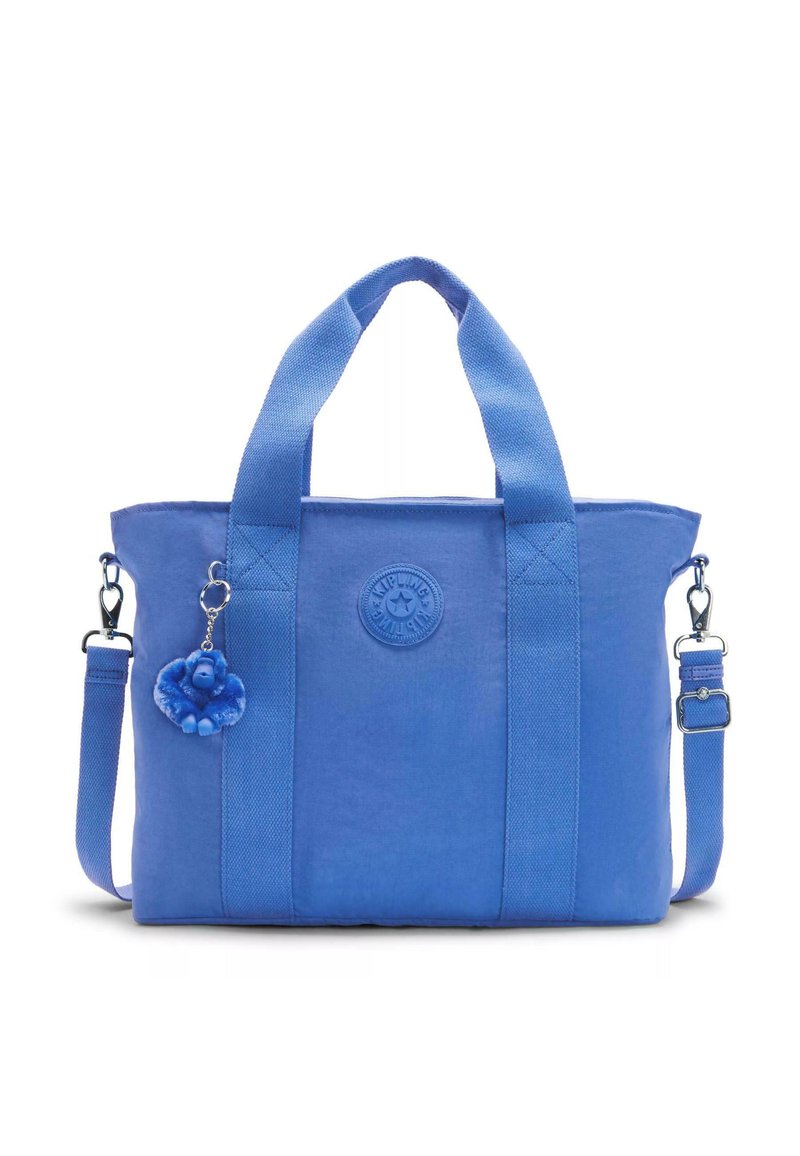 Borsa a tracolla in tessuto blu con doppio manico, tracolla regolabile e logo circolare. Presenta un charm a forma di scimmia in peluche blu attaccato.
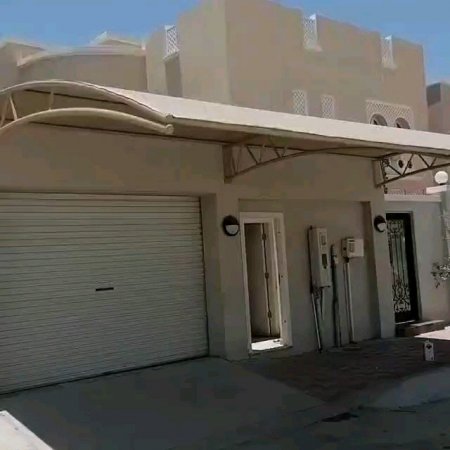 حداد مظلات: حرفةٌ تقليديةٌ تُضفي جمالًا وفائدة على المنازل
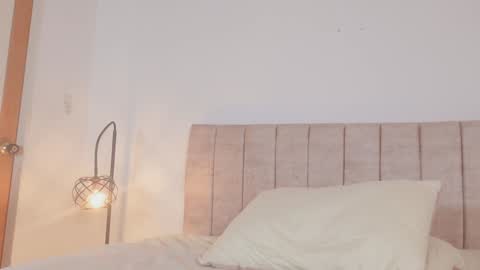 Snapshot of adelyn_x chatting on February 7, 2025, 11:12 am instragram adelyn 111 online show from February 7, 2025, 11:12 am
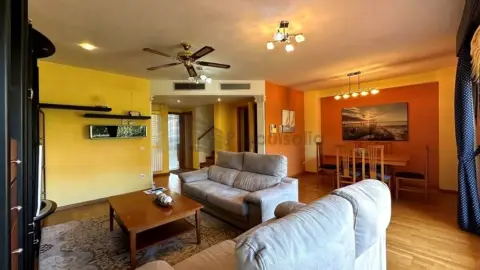 Casa adosada en Avenida de la Ilustración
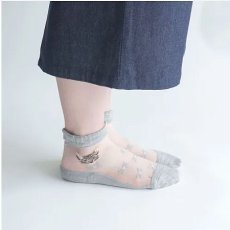 画像5: エトワール海渡　シースルーソックス　クルー丈　カシミヤ混　猫柄《3色、22〜24cm》 3足入【5%特別ポイント品】 (5)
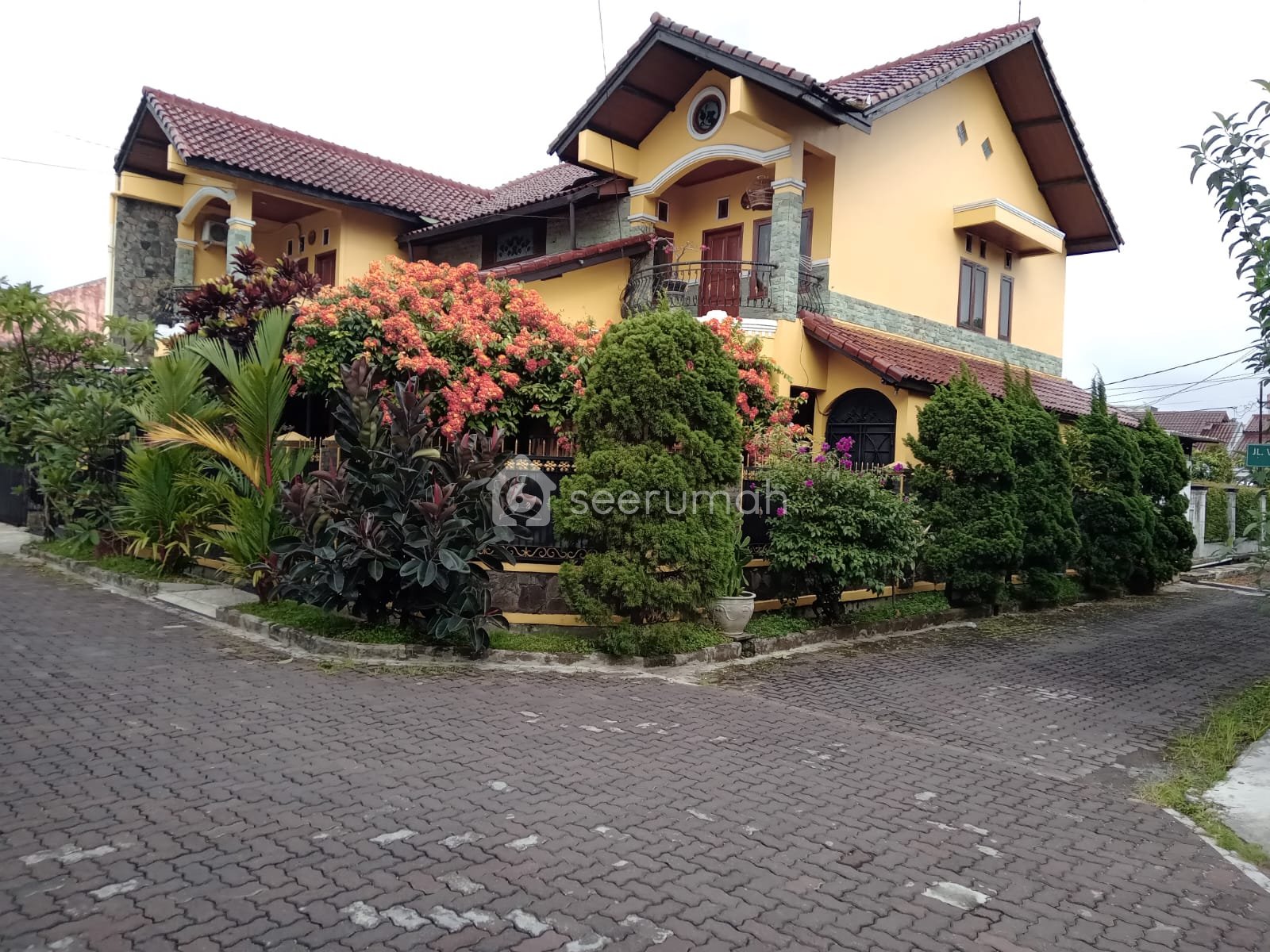 Rumah 3 Lantai Metro Margahayu - Image 1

EXERCISE GOAL:
No pictures belong in the copy. Repeat the entries exactly.

TASK RESPONSE:
 Borsa a tracolla in tessuto blu con doppio manico, tracolla regolabile e logo circolare. Presenta un charm a forma di scimmia in peluche blu attaccato.
 حداد مظلات: حرفةٌ تقليديةٌ تُضفي جمالًا وفائدة على المنازل
 Snapshot of adelyn_x chatting on February 7, 2025, 11:12 am instragram adelyn 111 online show from February 7, 2025, 11:12 am
 Casa adosada en Avenida de la Ilustración
 画像5: エトワール海渡　シースルーソックス　クルー丈　カシミヤ混　猫柄《3色、22〜24cm》 3足入【5%特別ポイント品】 (5)
 Rumah 3 Lantai Metro Margahayu - Image 1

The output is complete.